The event to which David Maraniss refers in that passage at the end of his recent biography was only one of many memorable events characterizing the exceptional career of Roberto Clemente. The most unforgettable, of course, was Clemente's decision to fly to Nicaragua himself with the relief supplies he had collected for earthquake victims there, in order to insure that the supplies would reach the people who needed them, rather than be stolen by soldiers and sold on the black market. He died when the overloaded and rickety plane crashed shortly after taking off from Puerto Rico.

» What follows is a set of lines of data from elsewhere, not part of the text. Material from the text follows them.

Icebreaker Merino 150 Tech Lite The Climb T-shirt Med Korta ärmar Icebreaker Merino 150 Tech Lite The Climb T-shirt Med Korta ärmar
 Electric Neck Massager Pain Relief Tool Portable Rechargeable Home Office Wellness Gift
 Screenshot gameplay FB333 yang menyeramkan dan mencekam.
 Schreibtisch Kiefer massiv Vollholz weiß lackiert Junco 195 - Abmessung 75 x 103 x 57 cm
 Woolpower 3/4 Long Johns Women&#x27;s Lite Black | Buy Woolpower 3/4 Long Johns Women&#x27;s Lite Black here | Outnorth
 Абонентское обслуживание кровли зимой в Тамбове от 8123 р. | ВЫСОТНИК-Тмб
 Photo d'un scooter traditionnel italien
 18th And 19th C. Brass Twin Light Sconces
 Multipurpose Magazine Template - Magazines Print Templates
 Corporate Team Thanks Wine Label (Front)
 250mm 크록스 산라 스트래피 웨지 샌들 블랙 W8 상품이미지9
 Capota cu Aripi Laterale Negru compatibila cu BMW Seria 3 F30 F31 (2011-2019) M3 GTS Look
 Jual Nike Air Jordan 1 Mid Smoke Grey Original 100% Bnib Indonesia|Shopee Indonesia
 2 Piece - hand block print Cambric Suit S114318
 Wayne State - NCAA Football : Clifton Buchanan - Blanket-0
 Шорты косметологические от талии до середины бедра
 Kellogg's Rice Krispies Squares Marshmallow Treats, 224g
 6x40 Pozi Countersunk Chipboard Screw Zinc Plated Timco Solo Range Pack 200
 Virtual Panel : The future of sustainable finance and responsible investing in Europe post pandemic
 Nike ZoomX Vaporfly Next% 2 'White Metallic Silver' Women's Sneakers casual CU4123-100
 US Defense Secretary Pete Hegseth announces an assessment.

The danger in a book about a man who has been celebrated the way Roberto Clemente has been is that the flesh-and-blood reality of the subject will be obscured by the myths that have grown up around him. David Maraniss presents the myth, certainly, but readers are also given a man whose pride could be prickly. Nobody could have born the pressure and expectations that became Clemente's lot without sometimes lashing out. Maraniss even includes a couple of stories in which Clemente comes across as boorish and violent.

Roberto Clemente was, of course, an exceptionally accomplished ballplayer, but he's one of the few hall-of-famers for whom that characterization seems seriously limiting. The range of his passions was extraordinary. He cared deeply about the welfare of the poor and disadvantaged people of Latin America, and he was proud to be a Puerto Rican. He was famous for helping people, whether by massaging their backs, providing them with food, or inspiring them with his energy and his pride. In Clemente: The Passion and Grace of Baseball's Last Hero, Roberto Clemente gets the biography he earned.